同点の五回。2死走者なしから、2試合連発となる新井の3号ソロが決勝弾となった。「あまり変なことを考えずに打席に入った。カウント2‐2からフォークを見送って、次は真っすぐかなと思っていた。能見が復帰して初めての登板だったし、チームが勝ったことも、能見に勝ちがついたことも良かった」。フルカウントから笠原の速球を読み切り、エースを援護射撃した。
前日、東京ドームで行われた長嶋茂雄氏と松井秀喜氏の国民栄誉賞授与式をニュースで見た。長嶋氏との忘れられない記憶がある。02年2月。プロ4年目の春季キャンプで、サプライズが待っていた。02年限りで巨人監督を勇退した長嶋氏が広島のキャンプ地、日南市を訪問。ミスターが新井の直接指導を申し出て、天福球場のメーングラウンドでノックを受ける機会に恵まれた。
新井は「緊張していて、掛けられた言葉を思い出せない」と言うが、「テレビで見たままの方。『バ~ン』とか『ダ~ッ』とか、感覚的なフレーズで指導していただいた」。駒沢大時代の4年間でわずか2本塁打の男が記録した265本目のアーチ。大砲の礎を築いた広島時代に触れたミスターの教えは、引き出しの奥底にしまってある。
試合後、西岡がちゃめっ気たっぷりに“いたずら”を弁明した。

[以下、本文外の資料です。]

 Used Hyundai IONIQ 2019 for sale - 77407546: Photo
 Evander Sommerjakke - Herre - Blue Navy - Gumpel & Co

「あれは金本さんからの指令ですよ」。昨季限りで現役を退いた金本知憲氏からは新井は愛情を込めて「虎のミスタープロ野球」と呼ばれる。打撃の波が激しいことも、思いも寄らぬミスを犯すこともある。不器用でも、がむしゃらな姿がファンの胸を打つ。「絶好調?まだ…かな」。ドラマを起こす男の本領はこれからだ。